How ironic that we should play the same venue on each end of our maiden voyage? La Fleche D’Or was kind enough to have us back on their turf after some problem arose, likely from the fact that nobody had bought tickets to the show, with the venue we intended to play. I was too tired to do any of the things I promised myself I would do, like go to the Louvre and see La Joconde in the flesh (ie, in real life). The show itself was curated by a Parisian band called Sheraff. Everyone was very nice and sounded very much like Nirvana.

Be advised: it has been twenty years since Bleach came out, and nearly that long since Slanted and Enchanted. The people who bought first pressings of these records when they came are now married and their wives will soon force them to throw away or sell their favorite records, if they have not already. This means that we have reached the twenty- to twenty-five-year “vintage” cycle wherein things from that long ago will soon reach thrift stores and dollar bins, where the twenty-year old trash that forty-year olds bought the summer before they entered college will pass through thrift stores, into the hands of impressionable sixteen-year-olds, who will buy these treasures and make the next generation of important bands, most of which will be heavily indebted to the guitar rock of that period.
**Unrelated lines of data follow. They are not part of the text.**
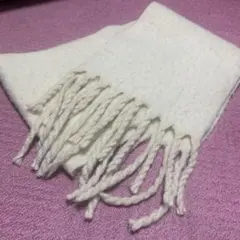 【一度のみ使用】ボリュームあり　クリーム色　マフラー　ストール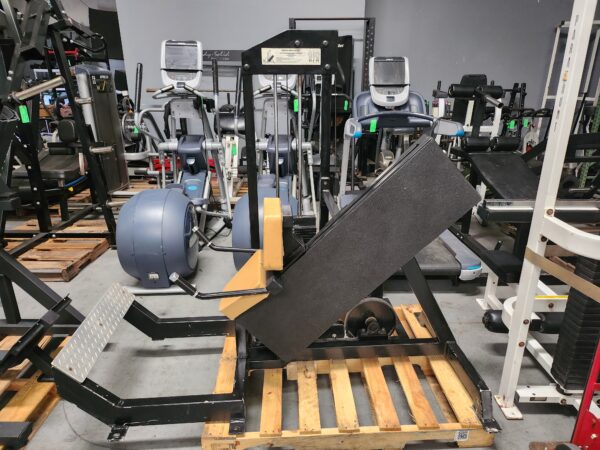 Body Masters 45 Degree Calf Raise (Selectorized)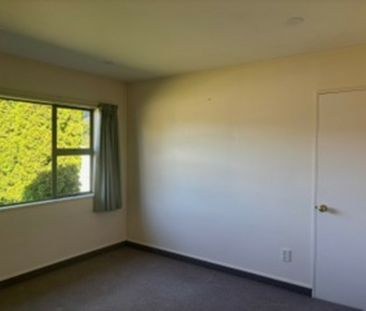 WELCOMING FAMILY HOME - Photo 5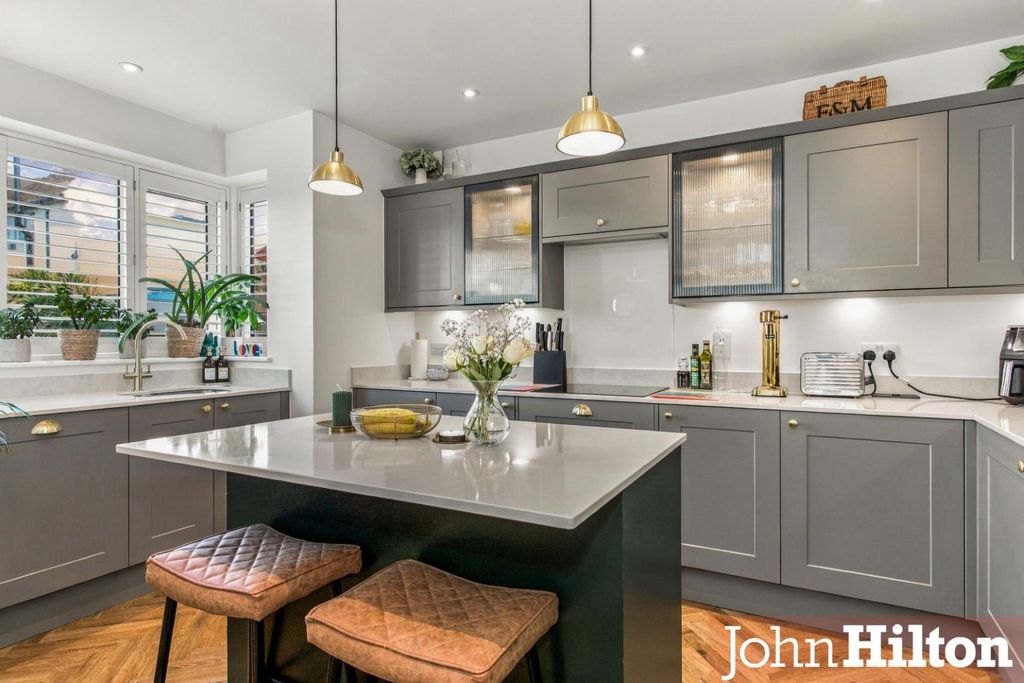 Property photo 3 of 31 Newlands Road-28.Jpg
And then, to them, your mid-eighties influenced electro-pop band will sound “like the Killers or something.”

All of the bands were quite good. Jack Graetzer brought the pain and we got to the Chunnel without incident for the last time. I woke up to deal with customs. We will be questioned each time we enter the country from now until eternity because of November’s customs mishap. Then full speed ahead to London, for a flight to Newark, home, and the next day to New York, for a show with the Wrens. Everything that happened there was normal and decidedly not-exotic, so I will not write about it. It was good. You have better things to read about. We are two days from SXSW.


em g said...

beautiful heartfelt prose here.. if you wrote a book i'd buy it!
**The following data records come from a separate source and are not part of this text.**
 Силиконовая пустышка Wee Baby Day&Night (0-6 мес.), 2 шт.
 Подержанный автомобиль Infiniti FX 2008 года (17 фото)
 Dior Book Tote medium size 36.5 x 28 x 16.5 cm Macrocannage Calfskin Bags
i don't appreciate the insinuation that "wives" alone would make someone throw out awesome original pressings! I, a female, have spent my fair share of time crawling through the dusty bins of vinyl too!
Being a poor judge of musical value is not limited to the ladies alone... I'll have it be known that I rescued my Dad's original Motown LPs that my Mom was putting in the garage sale... oh wait... shit...

CapeCodStar.com said...


Who is writing the writer behind this blog? All of you? One of you?

Whoever it is, should write novels. Let me know when the first one comes out.